The options market tells the more interesting story this week. Puts continue to dominate call volumes at a ratio of 1.13, almost exactly in line with PM's elevated 20-day average of 1.13 and near the 52-week high of 1.16. The z-score of just 0.22 signals the skew hasn't worsened, but the baseline itself is defensive — PM's floor-level PCR is well above where most large-cap consumer staples trade. That persistent put-heaviness reflects how the market has been running into each recent earnings event: cautious, with hedges in place rather than outright short bets.
Short interest is genuinely low and the borrow market is extraordinarily loose, making it a poor vehicle for bearish expression. SI stands at 1.1% of free float — essentially unchanged on the week after a brief mid-week spike to 1.23% that quickly faded. Borrow costs are running at just 0.43%, down roughly 16% on the week from a modest intramonth peak. Availability is effectively unlimited at over 9,600%, the highest level in the 30-day window, meaning the lending pool has more than 95 shares available for every one currently borrowed. Shorts are not rebuilding after the April earnings pop, and the borrow market offers no squeeze angle whatsoever.

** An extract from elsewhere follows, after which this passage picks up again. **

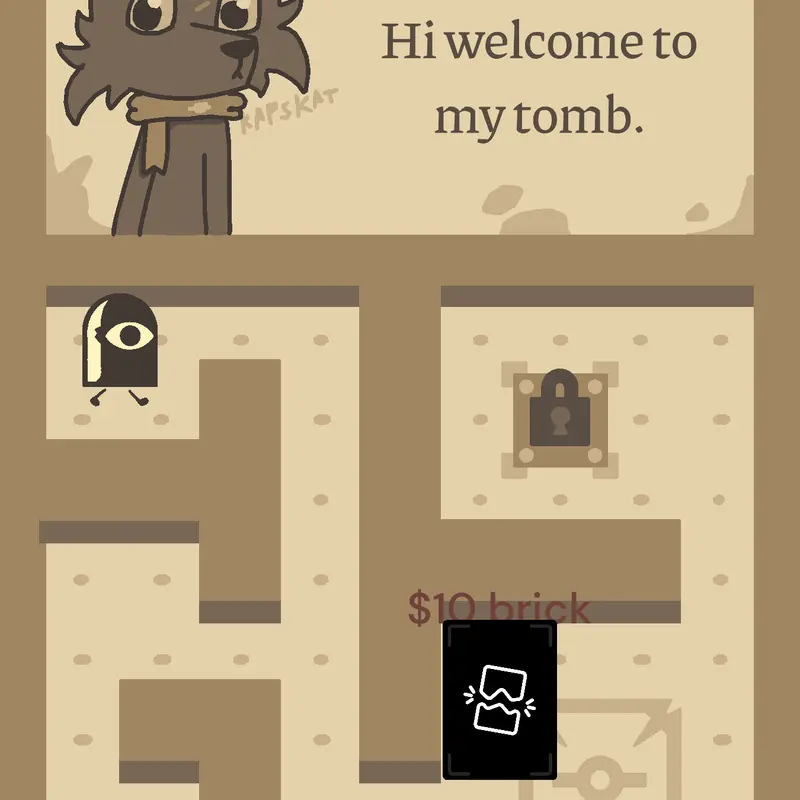 Game by @Angelo11i3iie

The Street remains broadly bullish, though not without nuance. Morgan Stanley raised its target to $200 on June 3 while keeping its Overweight rating — the most recent bellwether move on the name. That target now sits 10.5% above Tuesday's close of $180.91, consistent with the consensus mean of around $194. Bulls point to IQOS and Zyn volume momentum and the Swedish Match portfolio as the structural growth drivers for 2026 and beyond. Bears counter that the organic revenue growth corridor of 5-7% trails prior targets, combustible volumes keep declining, and Japan's impending IQOS excise increase adds a near-term pricing headwind. The EV/EBITDA at 16.4x has compressed modestly over the past 30 days, and the forward PE at 20.4x has eased by roughly 1.4 turns over the same period — a mild re-rating that brings PM closer to fair value against its own history. The dividend score ranks in the 97th percentile, still the most compelling single factor for the income-oriented investor base.
The earnings history sharpens the focus. The last Q2-equivalent print in April 2026 produced a 10.4% single-day gain and a 6.2% five-day follow-through — a notably strong reaction that the current subdued options positioning does not fully price for a repeat. The May event was quieter at under 1% on the day, though the five-day move reached nearly 11%. PM's post-earnings behaviour has been asymmetric: the big moves have been to the upside, and bears have not been rewarded by sitting in puts through the prints. The question heading into July 22 is whether IQOS and Zyn volume data confirm the re-acceleration story or hand ammunition to the bears via another combustible volume miss.
Among peers, MO gained just 0.5% on the week and BATS added 2.0%, while TPB outpaced the group with nearly 5.8% — the tobacco complex broadly drifted higher. PM's modest 1.2% week aligns it with the sector's cautious drift rather than any idiosyncratic re-rating. With the ORTEX short score easing slightly to 32.2 from 33.3 last week, the data picture is one of gently receding short pressure rather than any build — positioning looks comfortably long-biased rather than conflicted, and the next meaningful test arrives July 22.